* PROBLEM DESCRIPTION:
Go through the data from its first line and retype each line, stopping once the line containing "Summer Outfit Inspo" has been retyped.

* SOURCE MATERIAL:
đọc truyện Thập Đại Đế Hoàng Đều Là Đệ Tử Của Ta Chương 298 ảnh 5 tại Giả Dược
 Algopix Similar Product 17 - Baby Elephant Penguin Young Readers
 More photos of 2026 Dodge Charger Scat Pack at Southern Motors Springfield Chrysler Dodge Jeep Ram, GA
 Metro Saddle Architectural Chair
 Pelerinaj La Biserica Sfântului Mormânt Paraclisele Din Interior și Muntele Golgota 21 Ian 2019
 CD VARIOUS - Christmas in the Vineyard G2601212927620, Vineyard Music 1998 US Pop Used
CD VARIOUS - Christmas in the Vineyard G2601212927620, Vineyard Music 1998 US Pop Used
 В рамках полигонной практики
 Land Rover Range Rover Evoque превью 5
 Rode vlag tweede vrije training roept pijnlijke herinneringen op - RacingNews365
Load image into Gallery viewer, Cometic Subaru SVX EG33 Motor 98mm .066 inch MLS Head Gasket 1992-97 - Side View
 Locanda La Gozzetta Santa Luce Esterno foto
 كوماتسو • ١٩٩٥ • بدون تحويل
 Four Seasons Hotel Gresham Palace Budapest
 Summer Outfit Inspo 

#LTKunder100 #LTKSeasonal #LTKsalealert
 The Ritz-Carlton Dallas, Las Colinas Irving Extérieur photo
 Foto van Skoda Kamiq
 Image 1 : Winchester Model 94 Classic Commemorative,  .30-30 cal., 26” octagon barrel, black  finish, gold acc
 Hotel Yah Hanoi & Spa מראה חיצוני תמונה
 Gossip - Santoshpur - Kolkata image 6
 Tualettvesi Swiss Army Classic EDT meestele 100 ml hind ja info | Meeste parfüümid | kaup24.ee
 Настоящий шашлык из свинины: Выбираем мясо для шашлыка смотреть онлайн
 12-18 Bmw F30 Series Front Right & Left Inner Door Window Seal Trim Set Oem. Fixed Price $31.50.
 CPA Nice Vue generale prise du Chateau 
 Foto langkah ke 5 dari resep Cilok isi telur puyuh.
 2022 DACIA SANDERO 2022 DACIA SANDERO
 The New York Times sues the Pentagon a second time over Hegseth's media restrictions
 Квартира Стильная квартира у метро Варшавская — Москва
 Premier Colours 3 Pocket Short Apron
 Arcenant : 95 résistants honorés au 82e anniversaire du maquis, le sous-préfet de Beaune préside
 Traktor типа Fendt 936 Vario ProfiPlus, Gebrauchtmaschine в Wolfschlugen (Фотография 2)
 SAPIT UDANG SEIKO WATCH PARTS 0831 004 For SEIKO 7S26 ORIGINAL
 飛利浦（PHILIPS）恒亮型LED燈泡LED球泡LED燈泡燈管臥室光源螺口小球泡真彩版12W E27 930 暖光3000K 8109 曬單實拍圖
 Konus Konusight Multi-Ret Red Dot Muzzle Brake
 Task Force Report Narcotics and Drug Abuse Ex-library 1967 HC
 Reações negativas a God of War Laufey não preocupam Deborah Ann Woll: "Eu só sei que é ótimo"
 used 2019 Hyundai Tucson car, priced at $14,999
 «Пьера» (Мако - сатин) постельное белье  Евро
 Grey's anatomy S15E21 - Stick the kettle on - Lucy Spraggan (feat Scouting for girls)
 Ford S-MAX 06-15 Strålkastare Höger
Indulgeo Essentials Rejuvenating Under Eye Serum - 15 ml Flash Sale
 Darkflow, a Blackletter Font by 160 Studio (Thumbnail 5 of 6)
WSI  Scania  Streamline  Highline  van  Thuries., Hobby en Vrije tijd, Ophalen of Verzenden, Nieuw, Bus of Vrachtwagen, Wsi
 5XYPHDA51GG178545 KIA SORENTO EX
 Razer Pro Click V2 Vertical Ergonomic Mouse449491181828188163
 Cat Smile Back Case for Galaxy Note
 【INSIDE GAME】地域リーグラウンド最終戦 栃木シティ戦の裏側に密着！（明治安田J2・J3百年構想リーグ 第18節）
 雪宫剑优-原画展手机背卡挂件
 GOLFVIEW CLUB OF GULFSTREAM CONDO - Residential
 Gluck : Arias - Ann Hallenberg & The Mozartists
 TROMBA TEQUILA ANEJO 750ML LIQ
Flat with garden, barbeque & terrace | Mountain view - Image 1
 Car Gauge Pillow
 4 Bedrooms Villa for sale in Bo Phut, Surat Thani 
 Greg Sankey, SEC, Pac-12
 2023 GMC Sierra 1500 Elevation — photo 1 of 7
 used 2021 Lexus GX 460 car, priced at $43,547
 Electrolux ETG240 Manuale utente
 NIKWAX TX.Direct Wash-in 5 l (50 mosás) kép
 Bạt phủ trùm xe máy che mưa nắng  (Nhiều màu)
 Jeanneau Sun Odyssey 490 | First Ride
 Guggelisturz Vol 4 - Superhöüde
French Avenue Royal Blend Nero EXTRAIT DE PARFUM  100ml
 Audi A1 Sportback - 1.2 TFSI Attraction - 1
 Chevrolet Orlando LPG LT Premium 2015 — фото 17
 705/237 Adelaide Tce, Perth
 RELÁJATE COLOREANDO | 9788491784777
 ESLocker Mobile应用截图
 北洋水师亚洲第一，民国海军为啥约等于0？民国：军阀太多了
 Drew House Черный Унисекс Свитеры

* SOLUTION FOR THIS PROBLEM:
đọc truyện Thập Đại Đế Hoàng Đều Là Đệ Tử Của Ta Chương 298 ảnh 5 tại Giả Dược
 Algopix Similar Product 17 - Baby Elephant Penguin Young Readers
 More photos of 2026 Dodge Charger Scat Pack at Southern Motors Springfield Chrysler Dodge Jeep Ram, GA
 Metro Saddle Architectural Chair
 Pelerinaj La Biserica Sfântului Mormânt Paraclisele Din Interior și Muntele Golgota 21 Ian 2019
 CD VARIOUS - Christmas in the Vineyard G2601212927620, Vineyard Music 1998 US Pop Used
CD VARIOUS - Christmas in the Vineyard G2601212927620, Vineyard Music 1998 US Pop Used
 В рамках полигонной практики
 Land Rover Range Rover Evoque превью 5
 Rode vlag tweede vrije training roept pijnlijke herinneringen op - RacingNews365
Load image into Gallery viewer, Cometic Subaru SVX EG33 Motor 98mm .066 inch MLS Head Gasket 1992-97 - Side View
 Locanda La Gozzetta Santa Luce Esterno foto
 كوماتسو • ١٩٩٥ • بدون تحويل
 Four Seasons Hotel Gresham Palace Budapest
 Summer Outfit Inspo 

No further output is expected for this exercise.